Maybe I should have given up after that first disappointing year in business, when my brother gave up on his dream and said he was calling it quits. “You can’t,” I cried, “It has Dad’s name on it and there are people out there who have said they want it when they die.” It wasn’t a good business plan, this waiting for people to die but I took over the business any way.

There I was with a hearse, a trailer, and a horse I couldn’t lead. I wanted to give up the day I got the call for a funeral and couldn’t find anyone to help me with it. Instead I went out to the corral and said to Mike, “I’ll make a deal with you. I will feed you and take care of you forever if you will take care of me at this funeral today.” It was then that I came to understand how knights in medieval times could ride those noble Percheron horses in to battle and face death without fear.

I could write a book about Mike. But for today I will just tell you that Mike and I became like one over the course of the next thirteen years. Together we buried babies and children, school teachers, policemen, family, dignitaries, senators and lots of royalty.
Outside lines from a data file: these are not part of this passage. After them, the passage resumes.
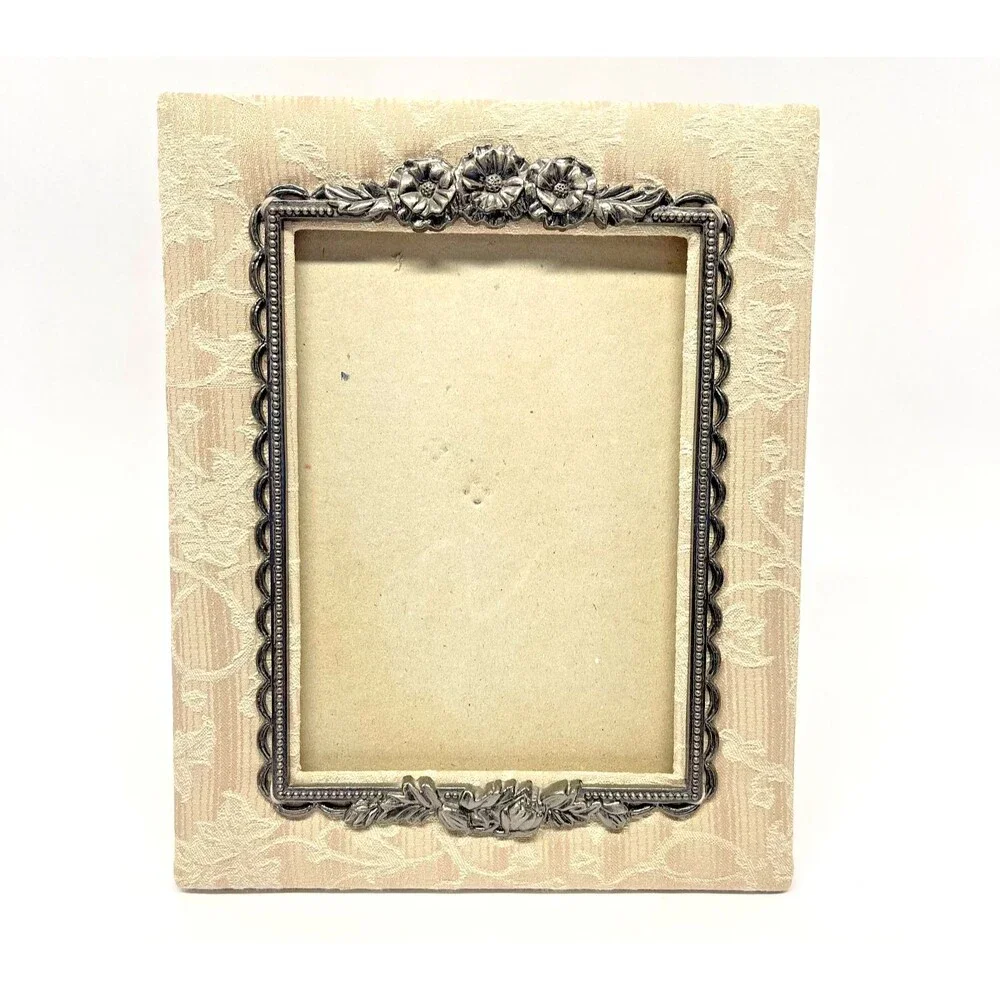 Vintage Russ Berrie 5x7 Fabric Pewter Floral Photo Frame with Tag-Tabletop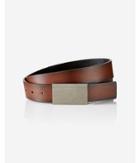 Express Reversible Brushed Metal Plaque Belt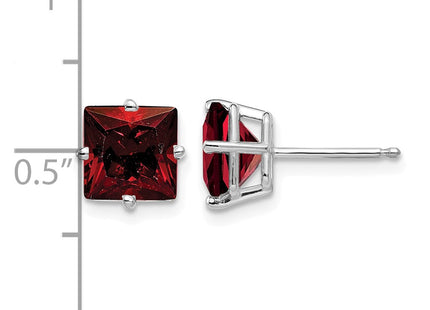 14K white gold garnet earrings, further view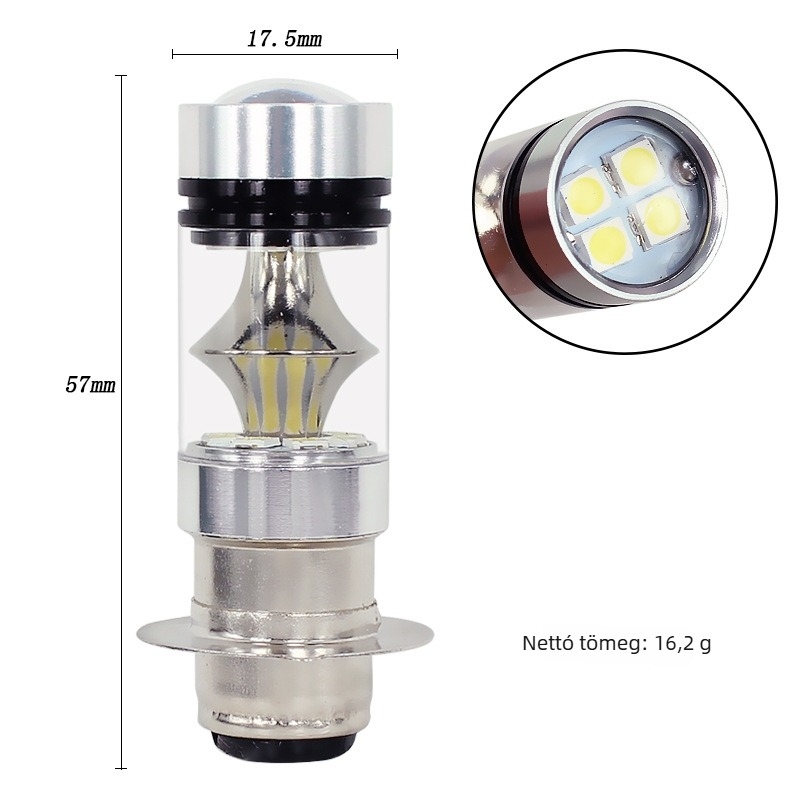 Motorkerékpár fényszóró PX15D LED 3030, 10W, 12V, 480 lm, alumínium ház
Well, they weren’t really royalty, just common folk whose families said we honored them like royalty.

Through wind and rain, blizzards and scorching sun, Mike and I were there. He would shelter me from the elements and I would keep the flies away from him.

I always said when Mike retired, I would retire. I didn’t count on him dying so soon. That is when I finally looked back and realized how far we’d come. Over 500 funerals in 125 different cities and towns spread across five states. I wanted to give up then, but Mike wouldn't let me because he had already chosen his replacement, his beloved Lady, another noble Percheron in whom I know Mike’s spirit lives on.

I shouldn’t be standing here with Lady today, surrounded by Marines, saluting a flag. Not just any flag, but one draped over a casket.

I still have the letter, postmarked 1994, from the director of the same National Cemetery we are standing in today.

“In reference to your inquiry about the possibility of using your horse drawn coach for services within the ---- ----- National Cemetery, I am sorry to inform you but is has been determined that this service would be inappropriate for a national cemetery operation. Thank you for the opportunity to evaluate your service.”

In a phone call appealing the decision, I argued, “Doesn’t a GI deserve the same dignity and respect afforded a Commander in Chief?”

Give us a call, they said, if you ever have a request from a veteran and we may reconsider. Very soon the first request came from a veteran’s family. The powers that be reconsidered and decided maybe it would be appropriate to allow a traditional casket escort. Dozens of times thereafter, Mike pulled that hearse, with its cargo of flag draped caskets, through sections of countless white headstones of soldiers from a different era.

That was before 9/11, Operation Enduring Freedom and Operation Iraqi Freedom. Today, as I stand among these Marines, I feel the significance of this final journey. For it is I, who will take this young hero away from his loved ones to the place where he will forever rest.

Hand over heart, I hide my tears as the Marines lift the casket and the stars and stripes disappear into the coach. I know now, why fate wouldn't let me give up.

I offer the coach seat to the family. Perhaps if they can share this ride it will ease their pain for a fleeting moment and briefly distract them from the harsh reality that will soon set in.

I urge Lady forward. “Slow as you go, Lady, maybe we can buy these parents a few more precious minutes with their son.”